» **EXERCISE BRIEF**: The answer must consist solely of the lines below starting at the one containing "Photo of a Hawaii" and ending at the one containing "BOB PESTMAN Westerchurch, Amsterdam, watercolour, signed", repeated exactly, with both ends included and all pictures omitted.

Data records
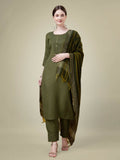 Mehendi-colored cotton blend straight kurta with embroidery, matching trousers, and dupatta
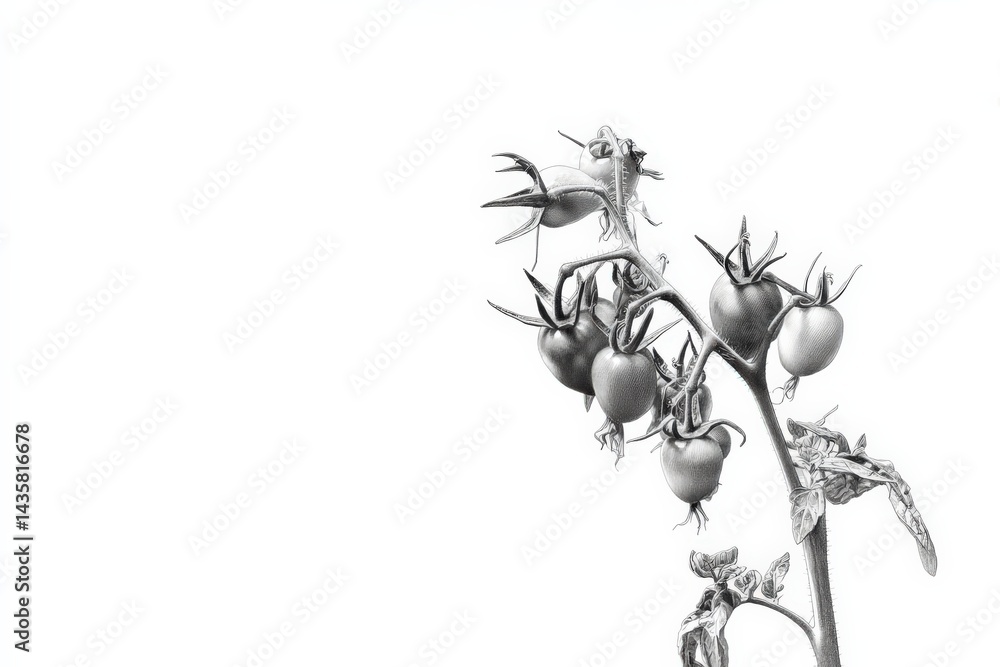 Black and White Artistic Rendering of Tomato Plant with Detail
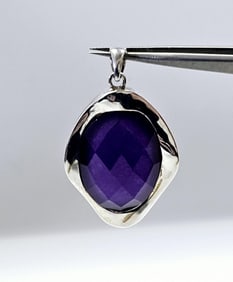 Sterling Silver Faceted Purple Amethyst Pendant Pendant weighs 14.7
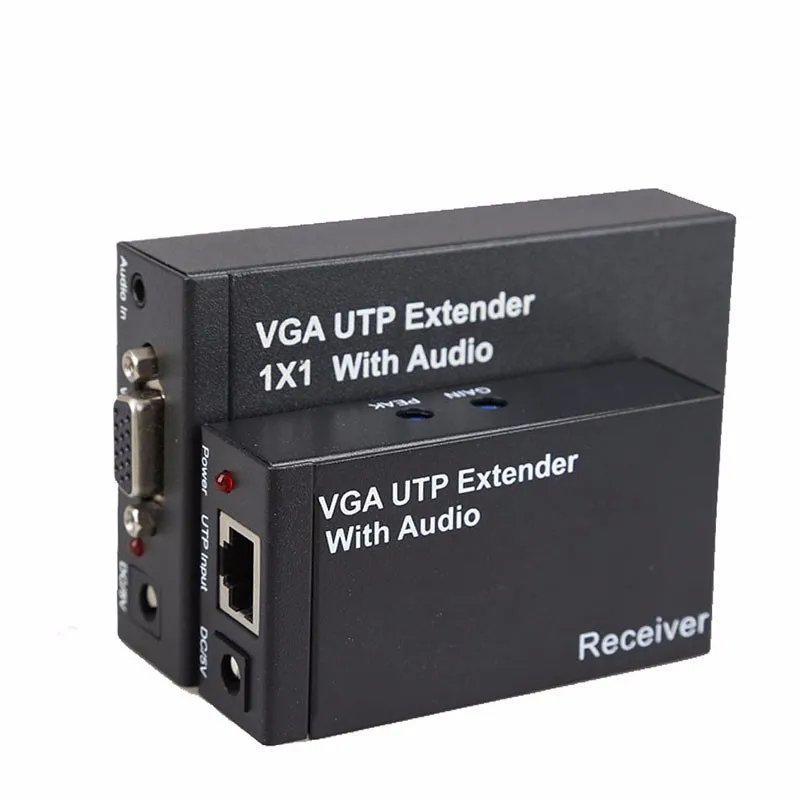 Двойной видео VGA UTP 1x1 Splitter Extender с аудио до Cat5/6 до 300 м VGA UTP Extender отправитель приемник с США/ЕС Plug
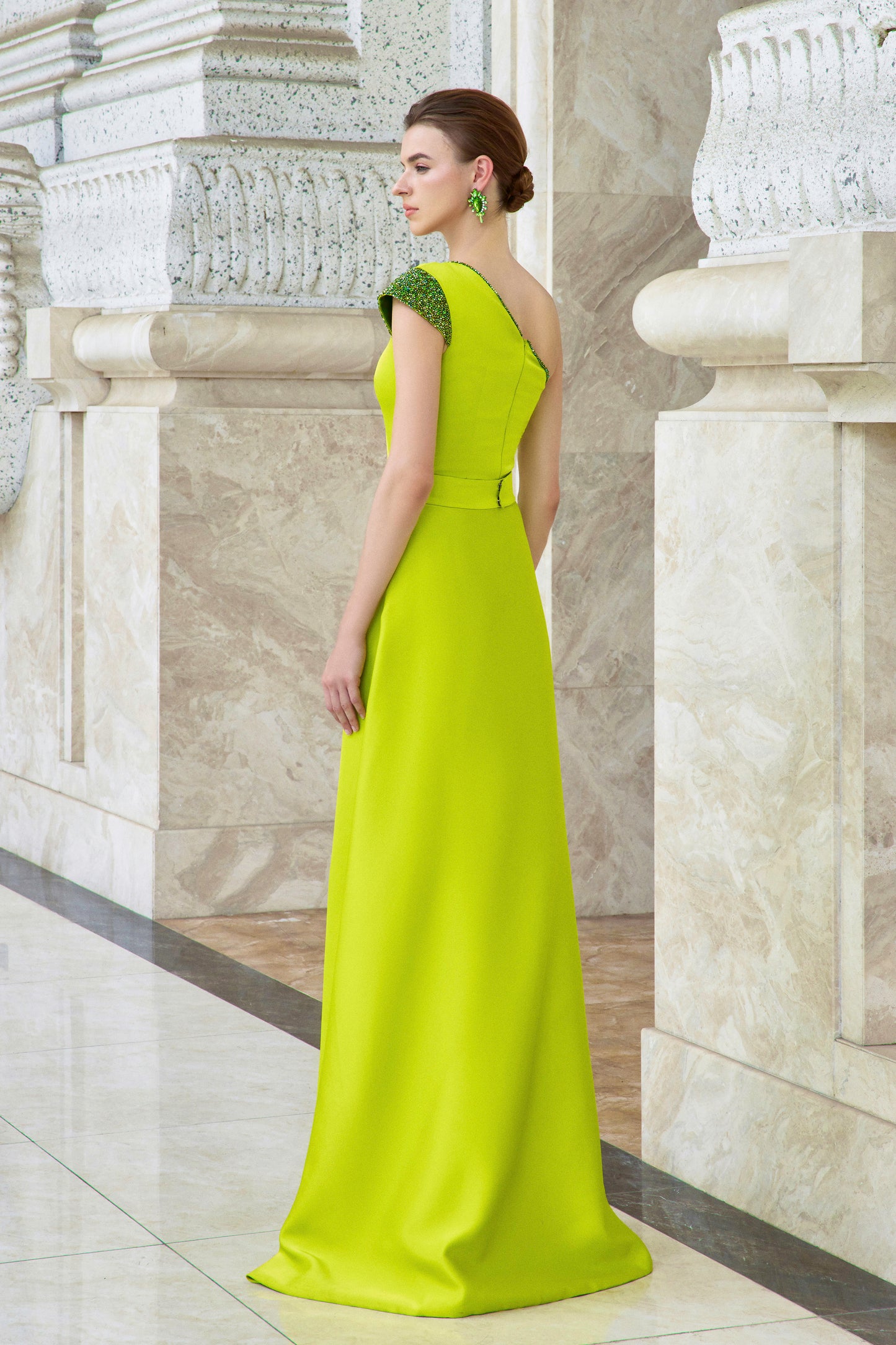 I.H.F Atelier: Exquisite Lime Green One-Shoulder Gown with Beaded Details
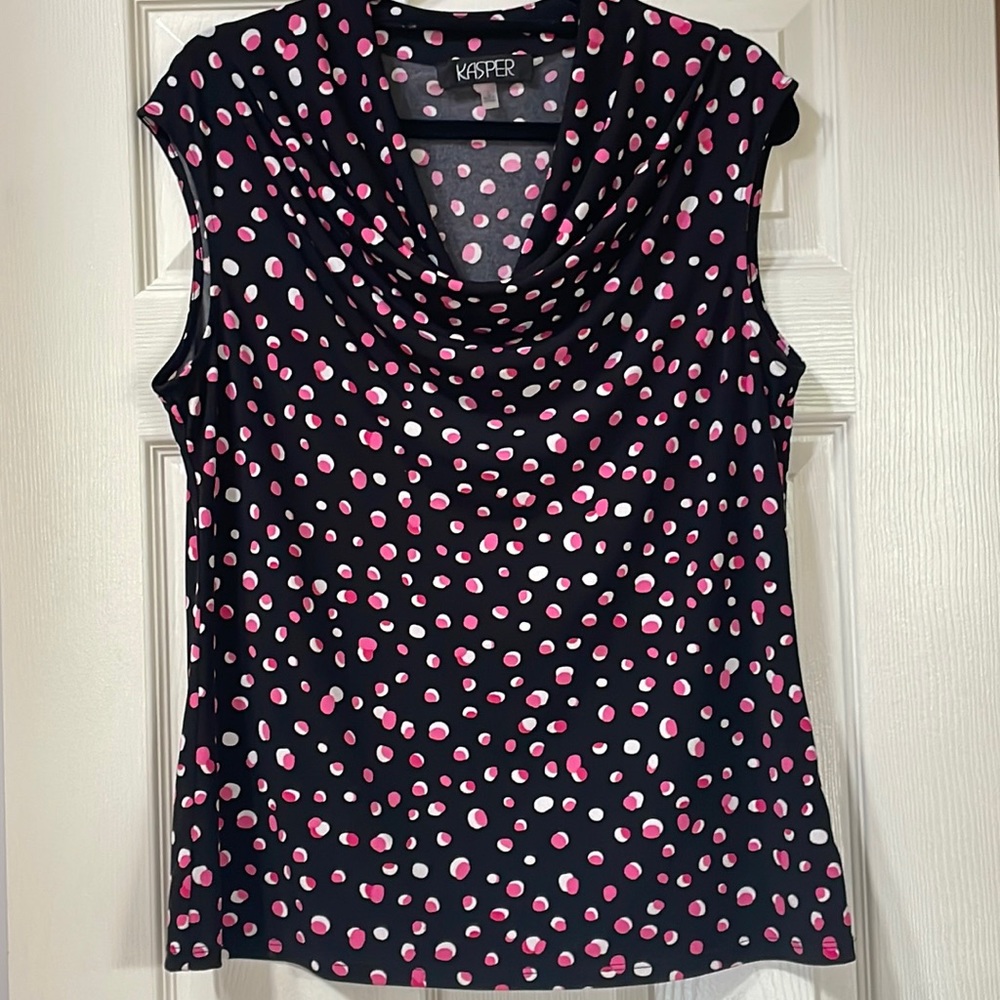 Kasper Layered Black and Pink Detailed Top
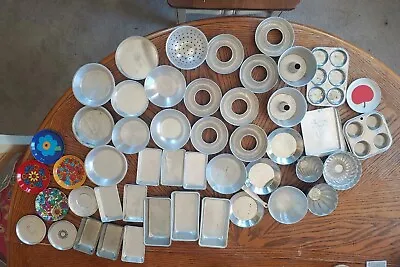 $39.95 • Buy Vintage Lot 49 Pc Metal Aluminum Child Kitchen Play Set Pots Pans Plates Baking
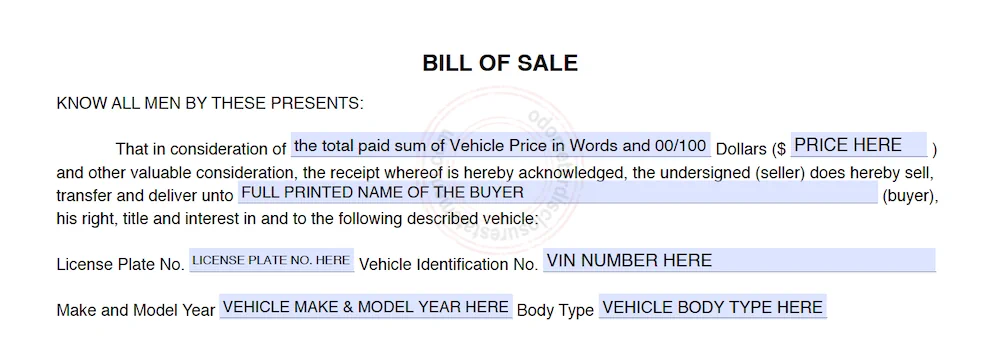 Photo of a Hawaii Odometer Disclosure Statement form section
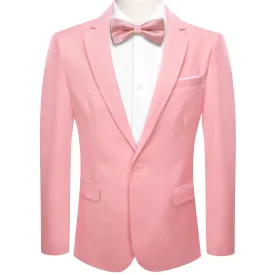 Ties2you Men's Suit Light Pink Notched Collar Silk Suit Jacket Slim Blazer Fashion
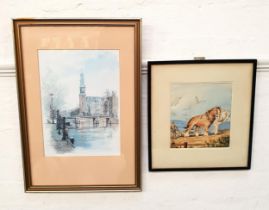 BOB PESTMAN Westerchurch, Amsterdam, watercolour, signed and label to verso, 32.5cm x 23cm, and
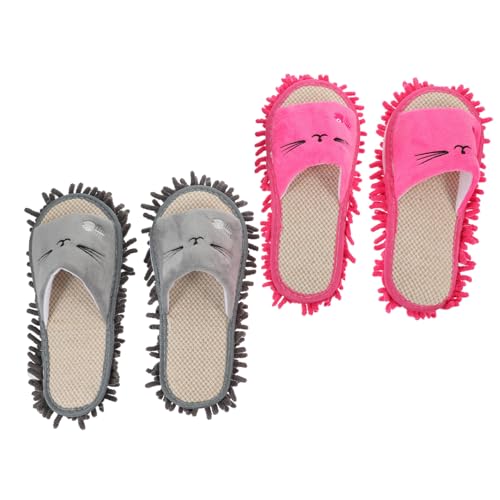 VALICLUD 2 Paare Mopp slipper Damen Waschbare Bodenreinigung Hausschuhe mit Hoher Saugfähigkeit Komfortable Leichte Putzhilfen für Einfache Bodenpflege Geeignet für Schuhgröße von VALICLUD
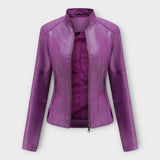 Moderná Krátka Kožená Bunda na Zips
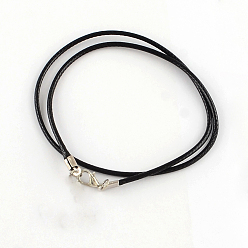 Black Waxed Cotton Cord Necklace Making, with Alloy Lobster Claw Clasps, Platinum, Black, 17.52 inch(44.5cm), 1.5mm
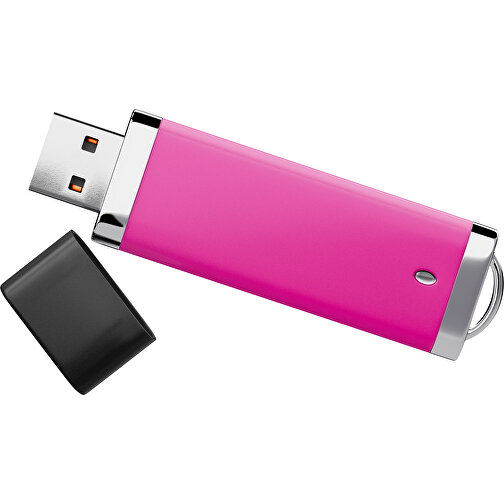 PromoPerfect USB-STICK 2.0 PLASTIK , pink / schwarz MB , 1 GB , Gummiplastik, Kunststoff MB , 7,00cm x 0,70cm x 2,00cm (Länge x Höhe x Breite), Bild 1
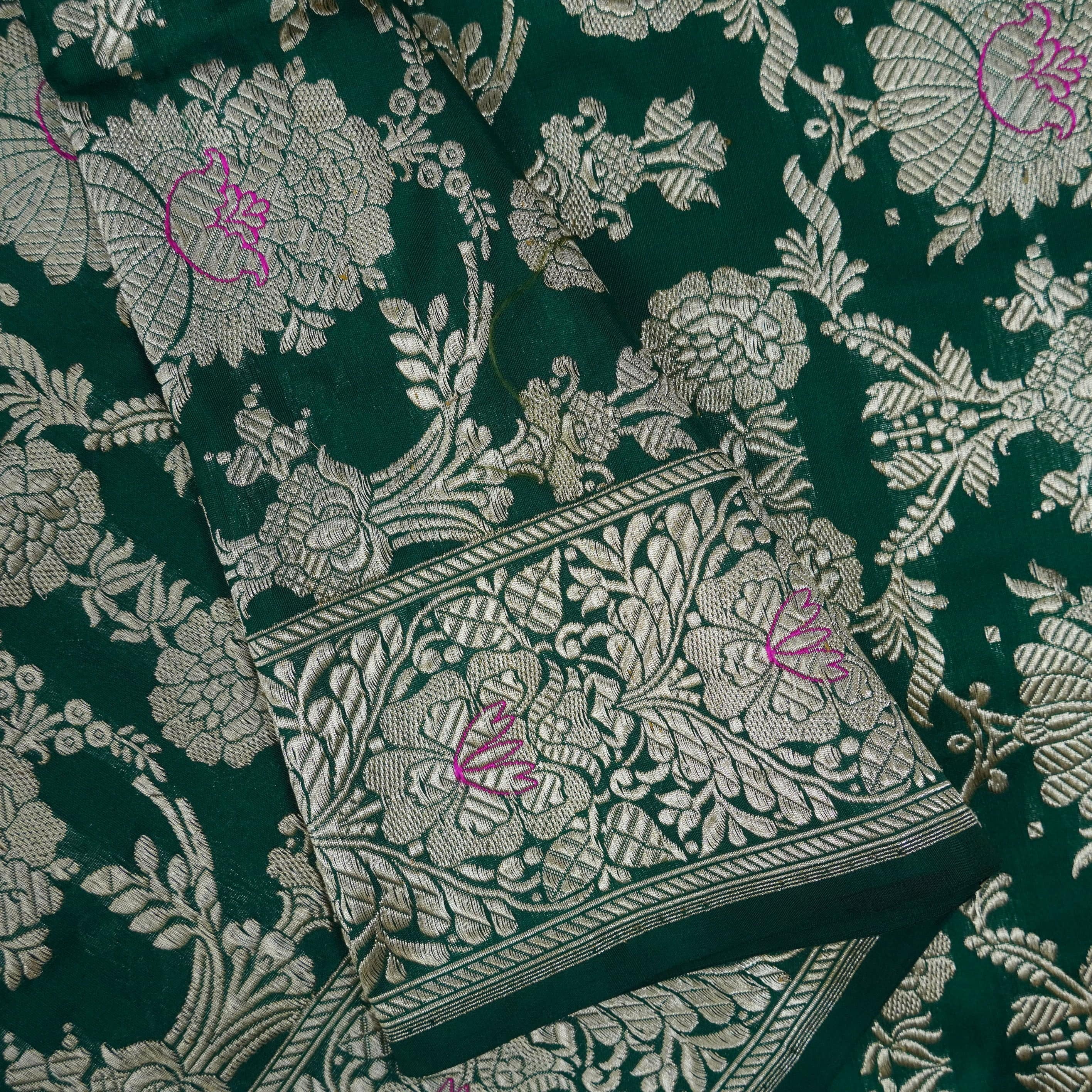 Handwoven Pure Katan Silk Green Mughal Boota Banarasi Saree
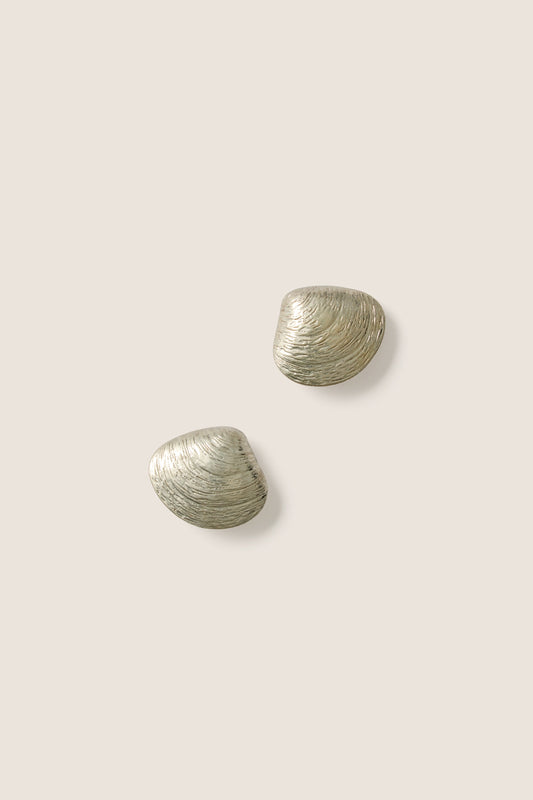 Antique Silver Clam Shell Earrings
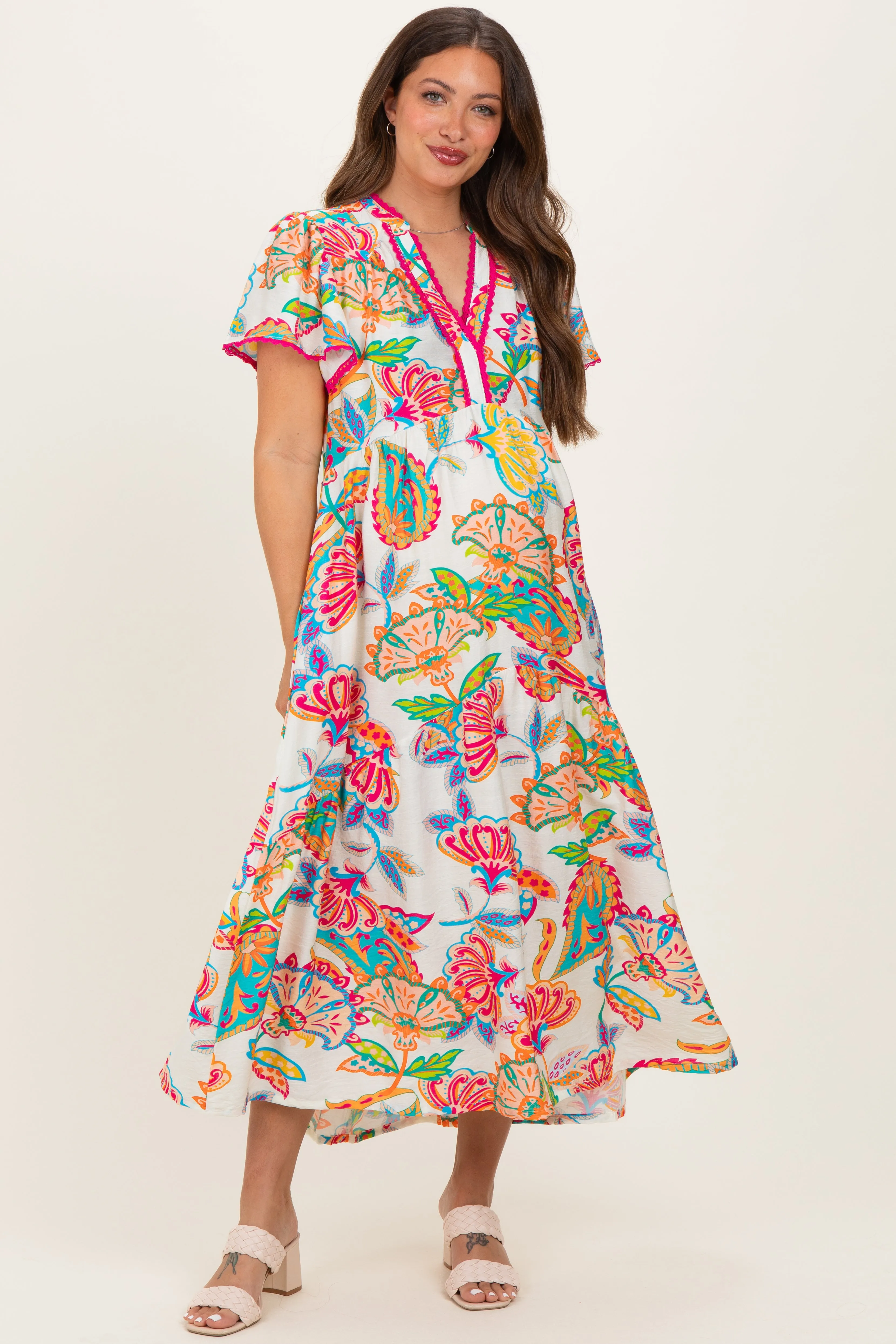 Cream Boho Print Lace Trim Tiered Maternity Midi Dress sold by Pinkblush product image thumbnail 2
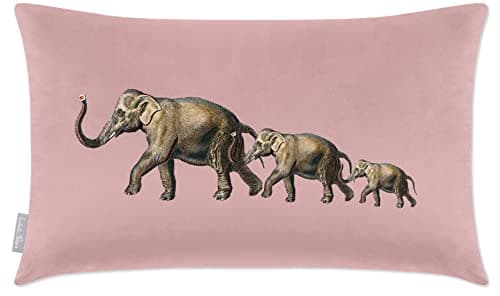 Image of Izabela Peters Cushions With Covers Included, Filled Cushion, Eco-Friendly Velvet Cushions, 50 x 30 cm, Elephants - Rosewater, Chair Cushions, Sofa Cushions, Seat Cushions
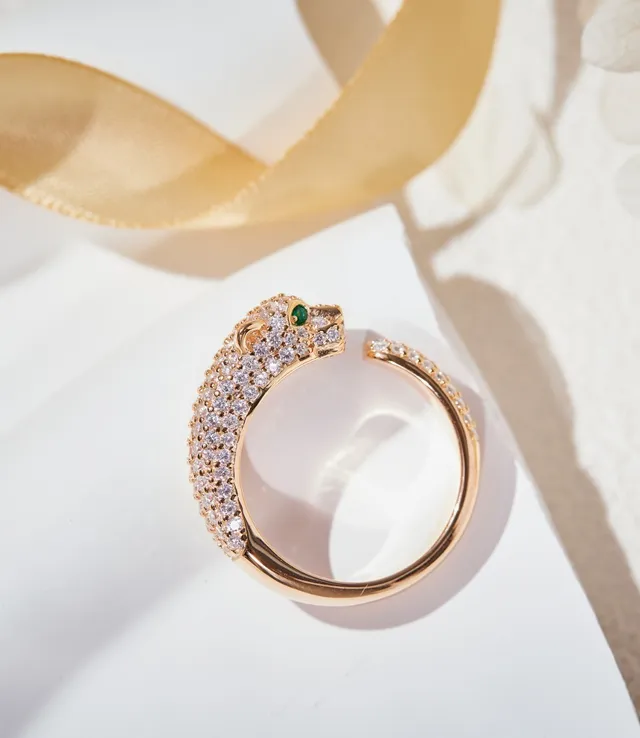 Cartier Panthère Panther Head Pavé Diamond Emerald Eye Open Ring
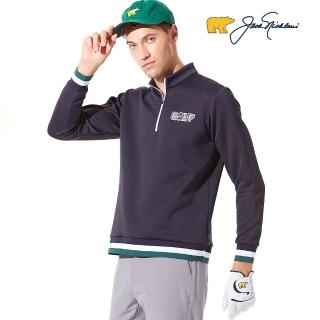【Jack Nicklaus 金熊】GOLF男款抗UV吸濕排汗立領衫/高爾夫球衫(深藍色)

» **RESULT OF THIS TASK**:
 Photo of a Hawaii Odometer Disclosure Statement form section
 Ties2you Men's Suit Light Pink Notched Collar Silk Suit Jacket Slim Blazer Fashion
 BOB PESTMAN Westerchurch, Amsterdam, watercolour, signed and label to verso, 32.5cm x 23cm, and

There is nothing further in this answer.